── Entries shown ──

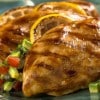 Pechugas de pollo asadas al estilo mediterráneo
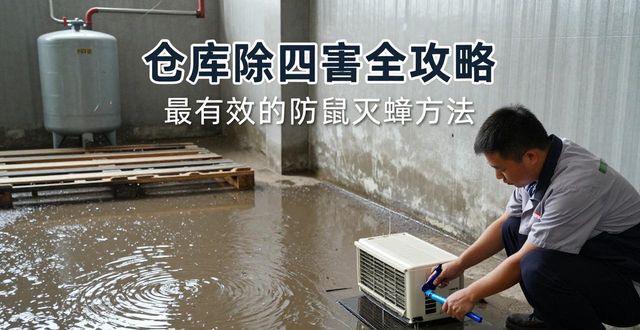仓库除四害全攻略 最有效的防鼠灭蟑方法
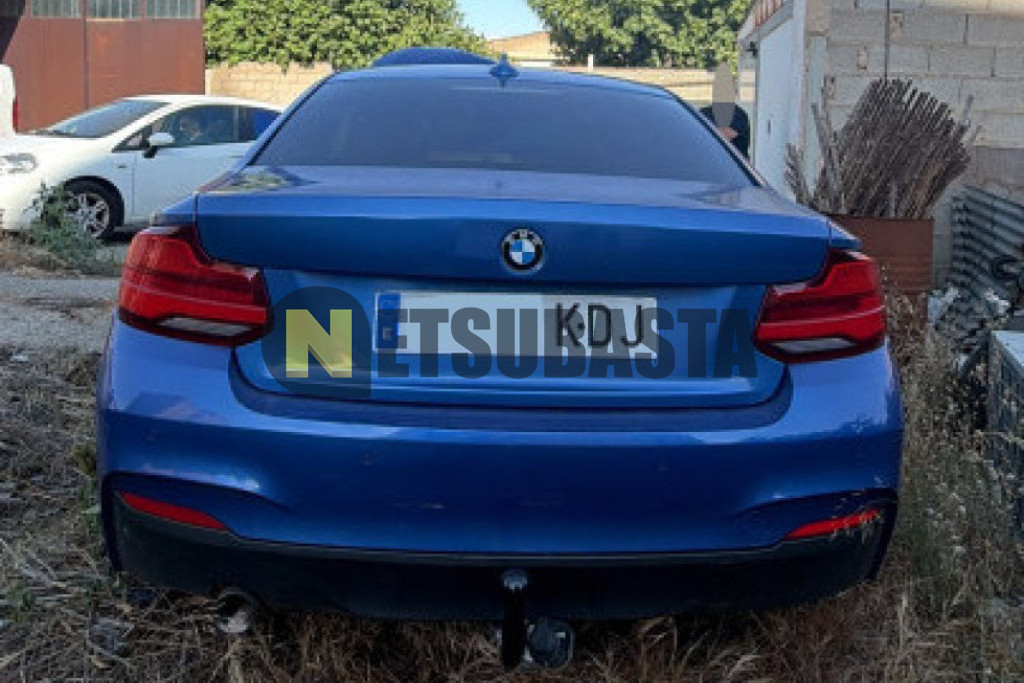 Bmw 218d Coupé 2017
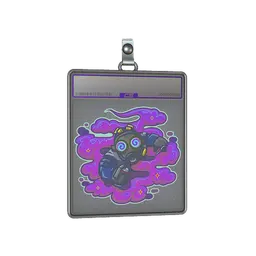 Sticker Slab | Get Smoked (Holo)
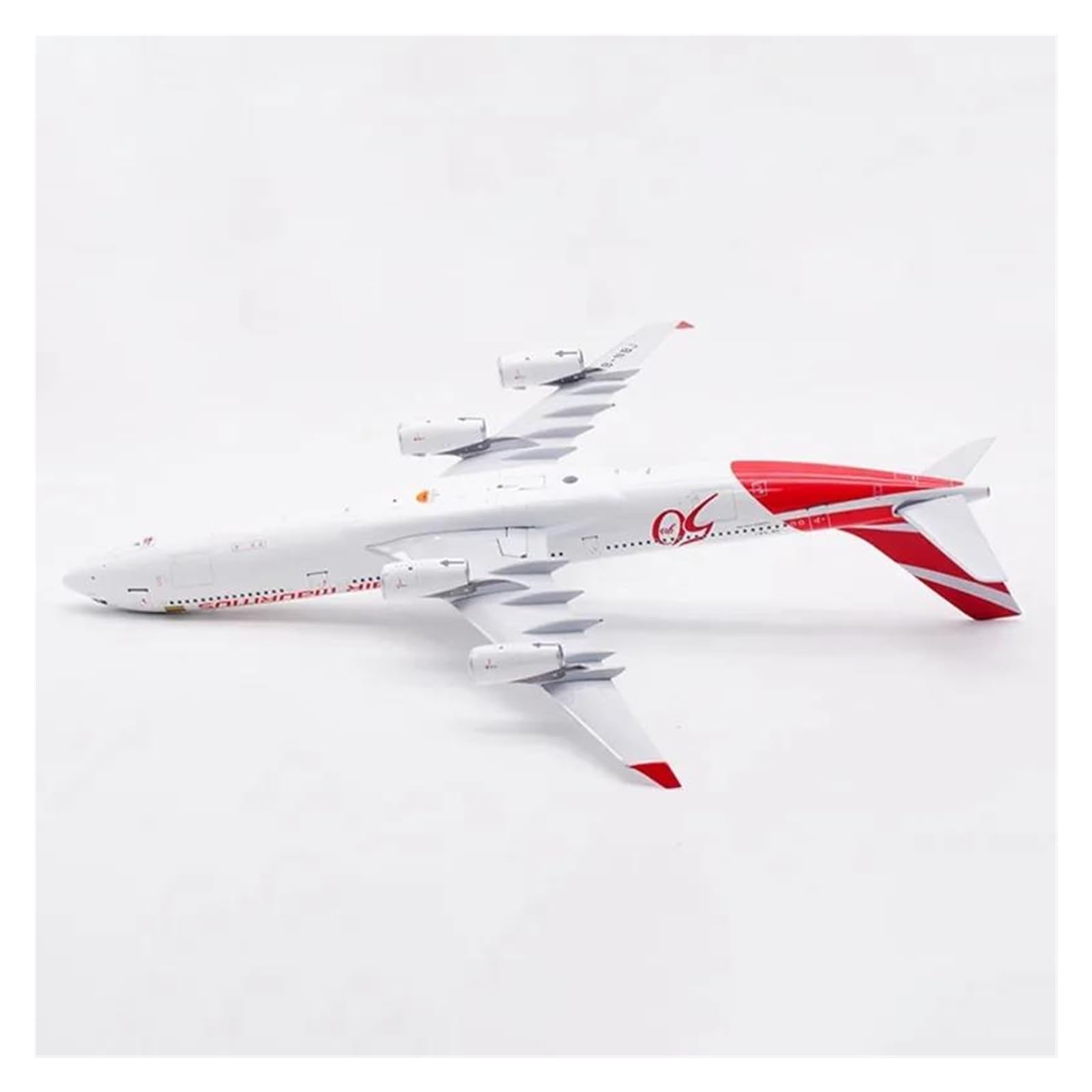 Pressofuso in Metallo per Aerei pressofusi in Scala 1:200 per Mauritius A340-300 3B-NBJ Simulazione di aeromobili Collezione di Souvenir in Lega Decorazione per Raccolta ed Esposizione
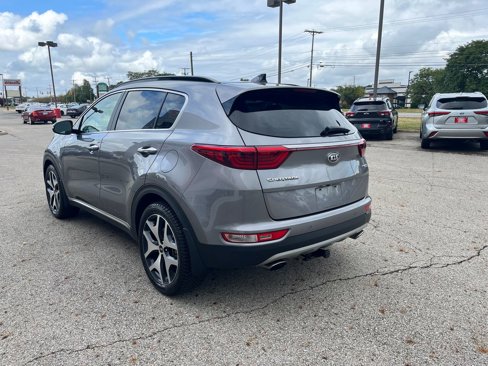 Used 2018 Kia Sportage SX image 3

───

# Your instructions
Without including the pictures, copy all of the data exactly.

# The answer
 Pechugas de pollo asadas al estilo mediterráneo
仓库除四害全攻略 最有效的防鼠灭蟑方法
 Bmw 218d Coupé 2017
 Sticker Slab | Get Smoked (Holo)
 Pressofuso in Metallo per Aerei pressofusi in Scala 1:200 per Mauritius A340-300 3B-NBJ Simulazione di aeromobili Collezione di Souvenir in Lega Decorazione per Raccolta ed Esposizione
 Used 2018 Kia Sportage SX image 3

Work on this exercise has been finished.